I am an advocate for water conservation because drought is a common problem in my home state of Texas and several other western states. Because of its limited availability, water has become a precious commodity in the U.S. and abroad. According to UNICEF, 884 million people in the world do not have access to safe water. This number represents roughly one in eight of the world’s population. That is why it kills me that my family is perhaps the worst group of water wasters.
I wage a constant battle for conservation in my house. At times, it feels like a quixotic task. My quest begins in the morning when my wife, KayEm, brushes her teeth. While she brushes, the water is flowing from the faucet. That’s 2-3 minutes of wasted water. To make matters worse, she turns on the shower to allow the water to get hot.
It’s almost comical to watch as I go around turning of the water while she comes behind me turning it back on.
I’m glad that the kids haven’t picked up these bad habits, but they waste water in their own ways.
My daughter, Nee, fills the bathtub with enough water to wash a moose rather than an 8-year old girl. I have to monitor the water level or else ships would dock in her bathroom. Sometimes I stop the water when it has barely covered the bottom of the tub. Nee hates it when I do this and complains that she doesn’t have enough water to play.
“You’re not here to play,” I reply. “You’re here to bathe.” She always runs more water when I leave, but that’s okay. She ends up with less water in the tub than she would have if I left her to her own devices.
She once turned on the shower and let it run while she undressed. I was startled by her screaming, “Daddy! Daddy! Come in here. Water is all over the floor.” I ran into her bathroom to discover that the detachable shower head had turned and was spraying water onto the floor.
After placing towels on the tile to soak up the water, I asked Nee why she didn’t turn off the water when she saw it spraying on the floor. She hunched her shoulders and gave me an “I dunno” look.
I was hoping to get some male solidarity from my son, N, but he is just as bad as his mother and sister.
The other night, as he used a gallon of water to rinse his 4 ounce cup, I told him, “Stop wasting water. Don’t you know kids are starving in Africa?” The whole family turned and looked at me with confused expressions.
“That doesn’t make any sense,” KayEm said.
“I know it doesn’t make any sense,” I said. “I just like to use that expression periodically. But seriously, you guys are actually contributing to the drought here in Texas.”
“You’re so full of hyperbole,” KayEm said as she walked away. Once again, my attempts to save the planet fell on deaf ears.
When KayEm does the dishes, she fills one sink with water for washing and places the dishes in the other sink for rinsing. While she is washing the dishes, she keeps the water running on the rinsing side. This drives me crazy. I often turn the water off and she turns it back on (see above shower reference). As much as I hate washing dishes, I often do them in order to save water (KayEm will argue that ‘often’ is a bit of an exaggeration).

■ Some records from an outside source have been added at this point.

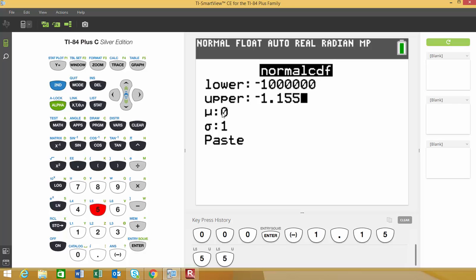Then it asks us for our mean and our standard deviation of that distribution. Since I already converted this to standard units or the value of Z for our upper bound, my mean is going to be 0 and my standard deviation is going to be 1.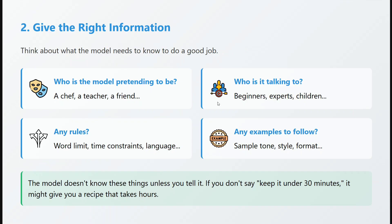The next step is giving the right information. Who is the model pretending to be — a chef, a teacher, a friend? Who is it talking to — beginners, experts, children? The language used depends on that. Any rules to consider, like the response should not exceed 80 words or should not use vague language? Any examples, sample tone, style, or format? The model doesn't know anything until you tell it. Even basics — if you don't say 'keep it under 30 minutes,' it won't. Don't assume it will think like you; it won't.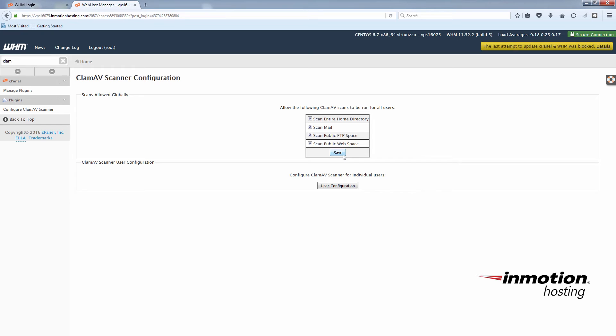And now your users can go into their cPanel, and they'll see the ClamAV option there.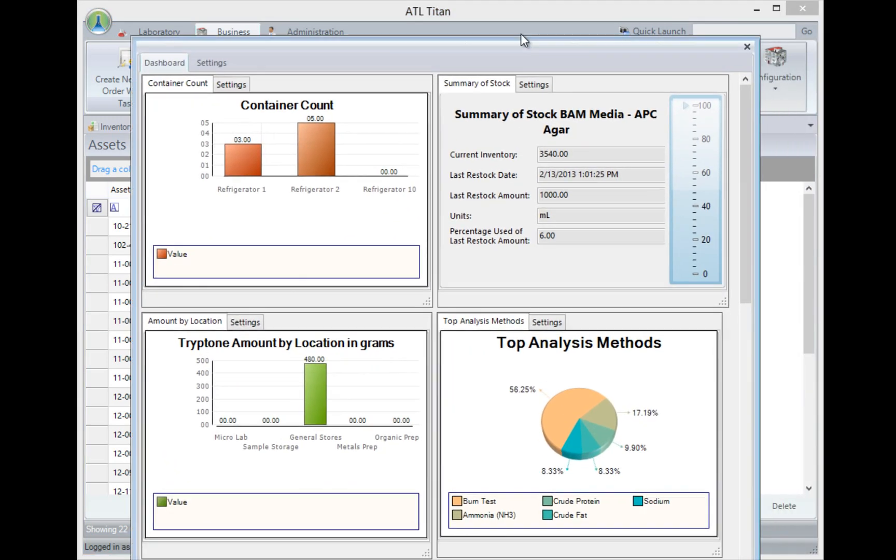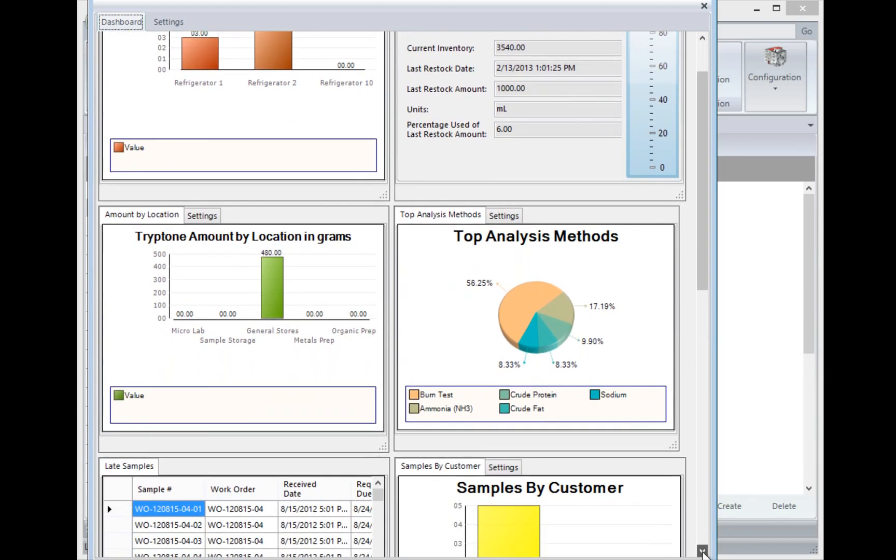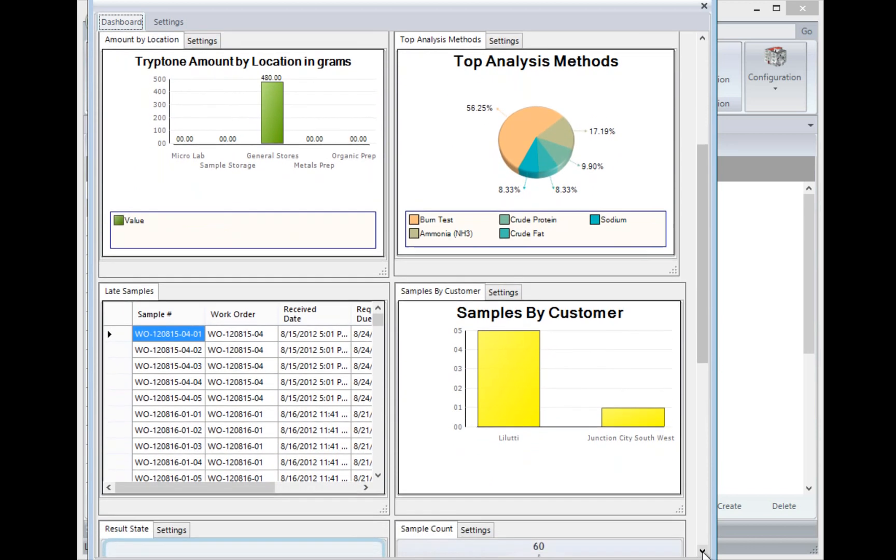Titan also allows us to have a dashboard where we can actually come in and take a quick look and open the dashboard and see how things are. So things like container count, what containers are in different areas, what type of summary of stock do I have, where is my stock stored, what are my top analysis methods. These are just a few items that are late and the number of samples that have been received by customers. So we can bring these different dashboards in here. So I hope this helps you understand a little bit more about Titan and the ways it can be used in an organization as not only just the LIMS, but an ERP for tracking other resources in your organization, all the way down to helping with sales orders and delivery orders.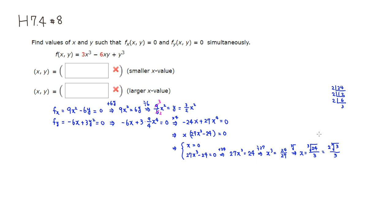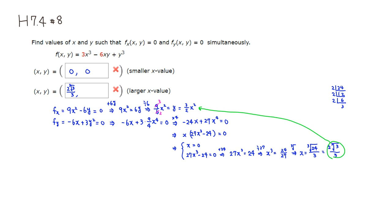So we have two x values: x = 0 and x = 2 times cube root of 3 over 3. When x = 0, y is clearly 0 as well. For the other x value, we plug into y = (3/2)x squared. Squaring gives 3 squared over 2 squared, times 3 to the 2/3 power.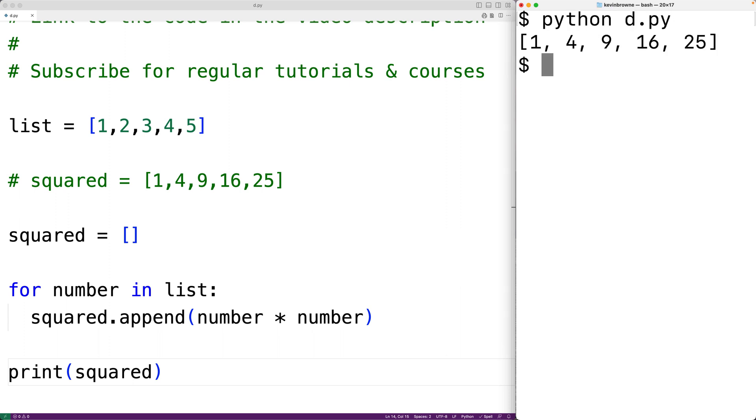And we do get the squared list. Now there's actually several different ways that we could solve this problem. One of the simplest ways would be to use a list comprehension.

No matter how much I rant rave, my family continues with their wasteful ways. One day the light will come on and they will realize the impact that their actions are having on the environment. And speaking of lights, don’t even get me started on their walking out of rooms without turning them off. I’ll save that for another post.
P.S. – This will probably be my last post on Mocha Dad because KayEm is going to kill me for calling her out. If a new post isn’t up in a week, call 911.